Captioned web images

────

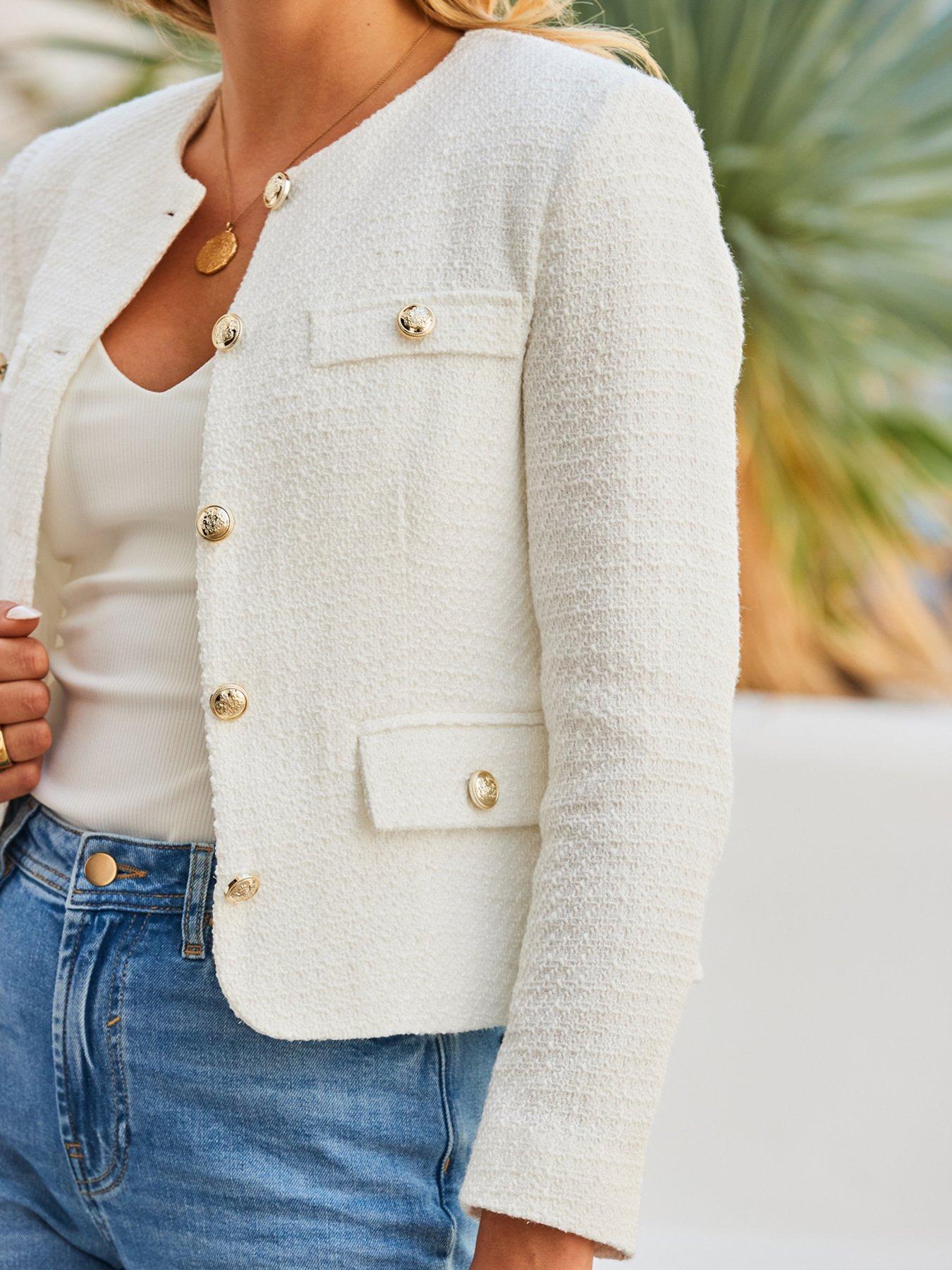 Image 5 of 6 of Sosandar Boucle Collarless Jacket - White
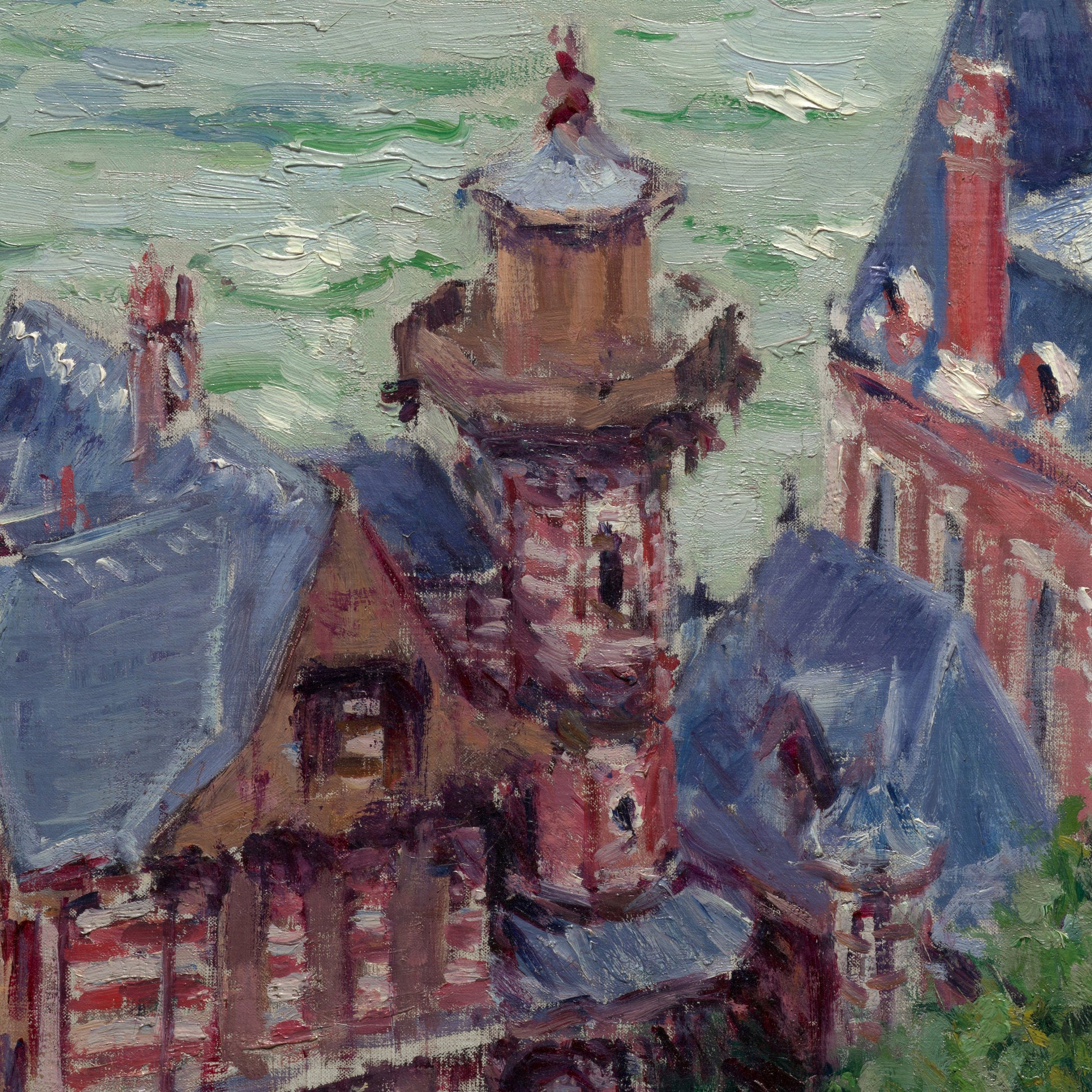 Villas at Trouville by Gustave Caillebotte, 3d Printed with texture and brush strokes looks like original oil painting.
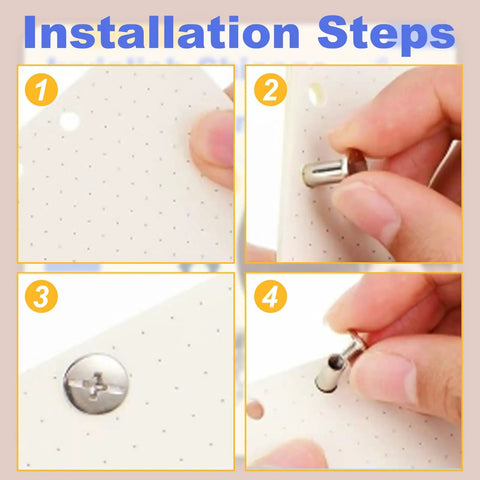 Installation steps for Top Shelf Chicago Binding Screws M5 X 6Mm in 50 silver sets, showcasing usage with leather projects.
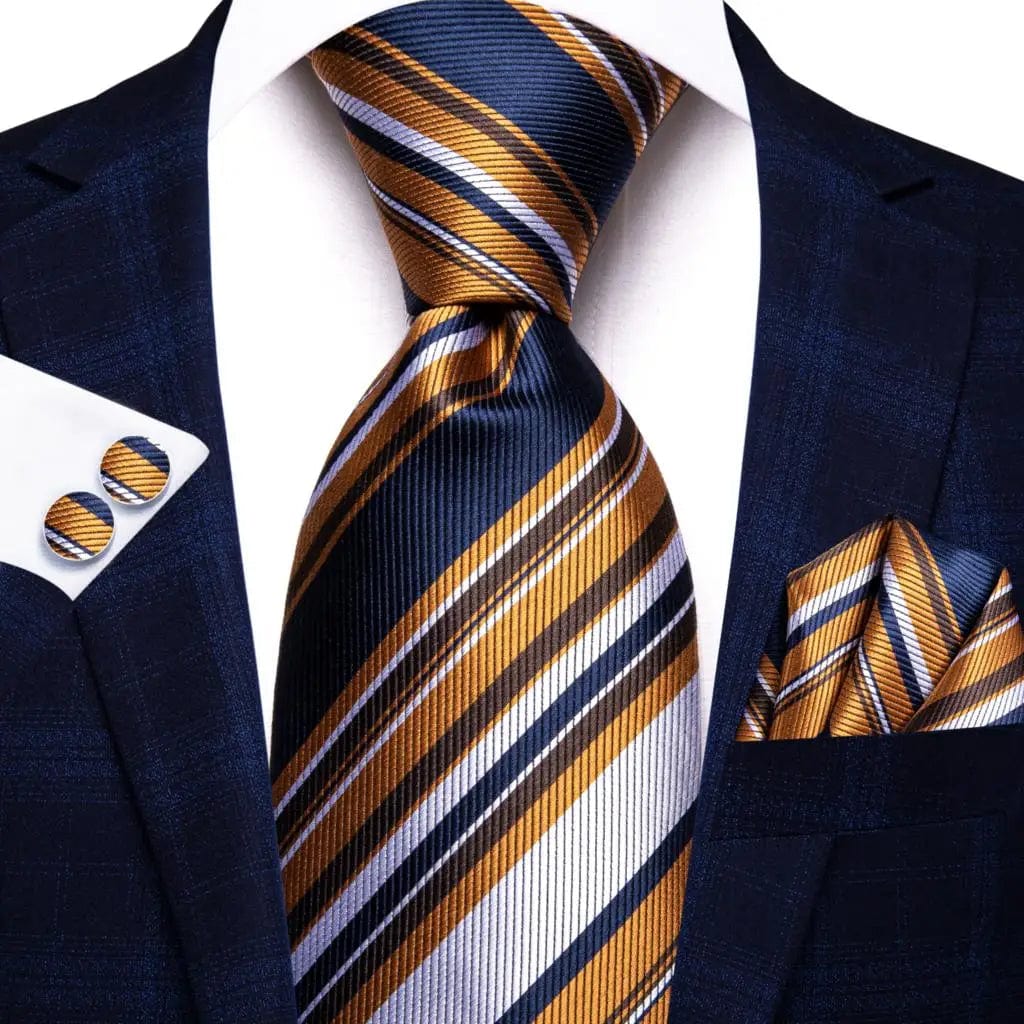 Hi - Tie Navy Blue Striped Silk Wedding Tie For Men Fashion Design Gift Men Necktie Hanky Cufflink Set Business Party Dropshiping - SHOWLU FASHION STORE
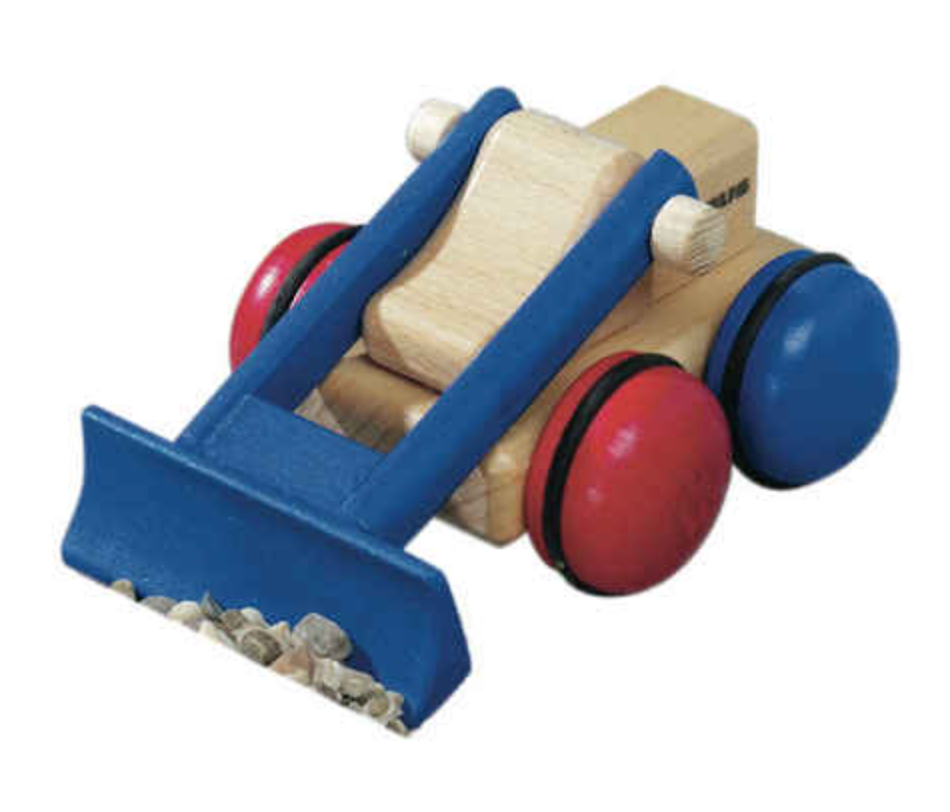 A Fagus Wooden Bulldozer - Mini Series with blue and red wheels, and a blue front blade, on a white background.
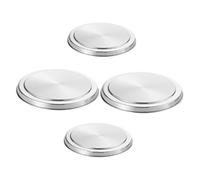 POPETPOP 4pièces Couvre-brûleurs Acier Inoxydable Pour Plaques Électriques Grands Petits Protection Fiable Pour Cuisinière à Gaz Finition Argentée Élégante Compatibles Plaques Standards Pou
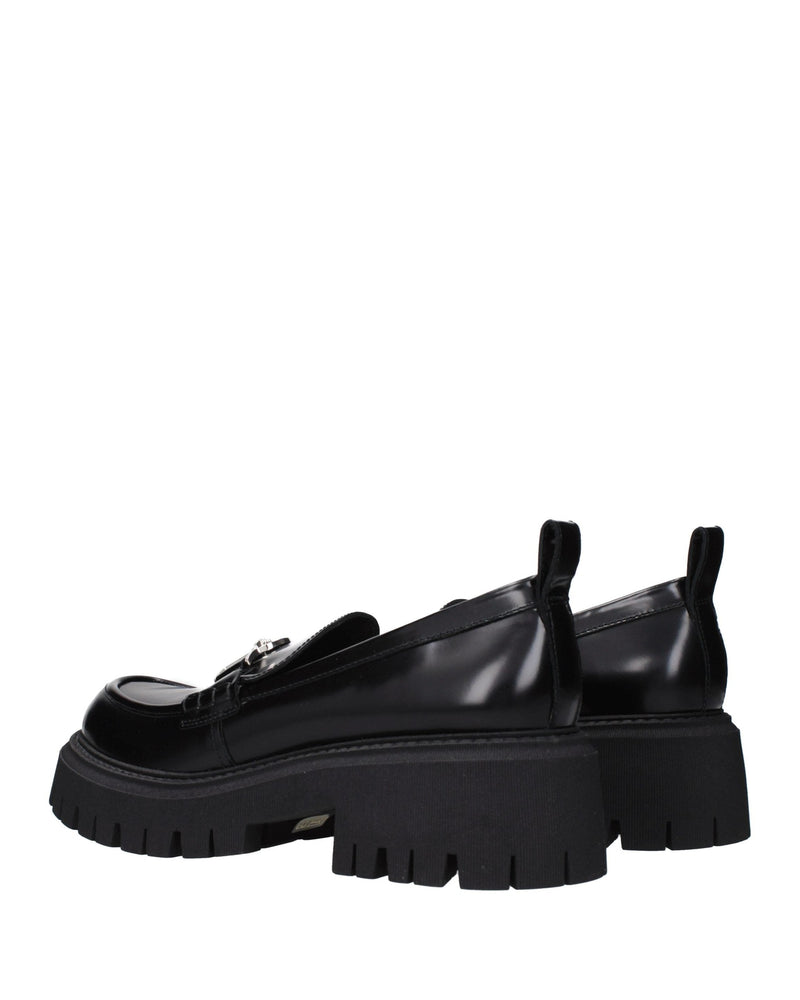 Versace Black Leather Platform Loafers Glam Steals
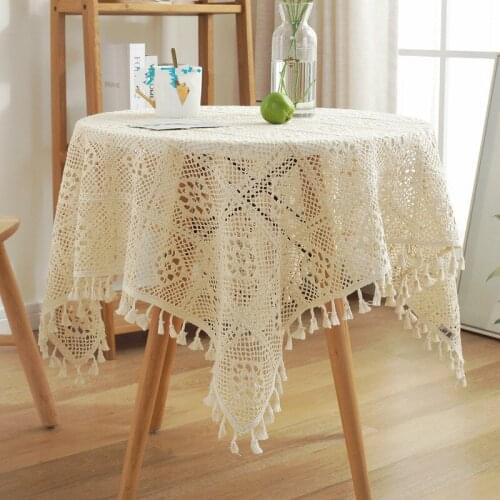 Classical American hollow tablecloth Japanese style crocheted tablecloth fabric decoration round table cover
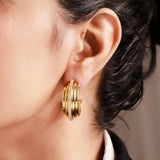 Trendy Earrings Studded Fluted Hoop Earrings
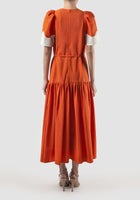 Orange Nautius tiered maxi dress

────

* [Work order]: Output, exactly and without pictures, the lines above that run from the one containing "Versace Black Leather" through the last line of the entries, inclusive.

* [Response to this task]:
 Versace Black Leather Platform Loafers Glam Steals
 Classical American hollow tablecloth Japanese style crocheted tablecloth fabric decoration round table cover
 Trendy Earrings Studded Fluted Hoop Earrings
 Orange Nautius tiered maxi dress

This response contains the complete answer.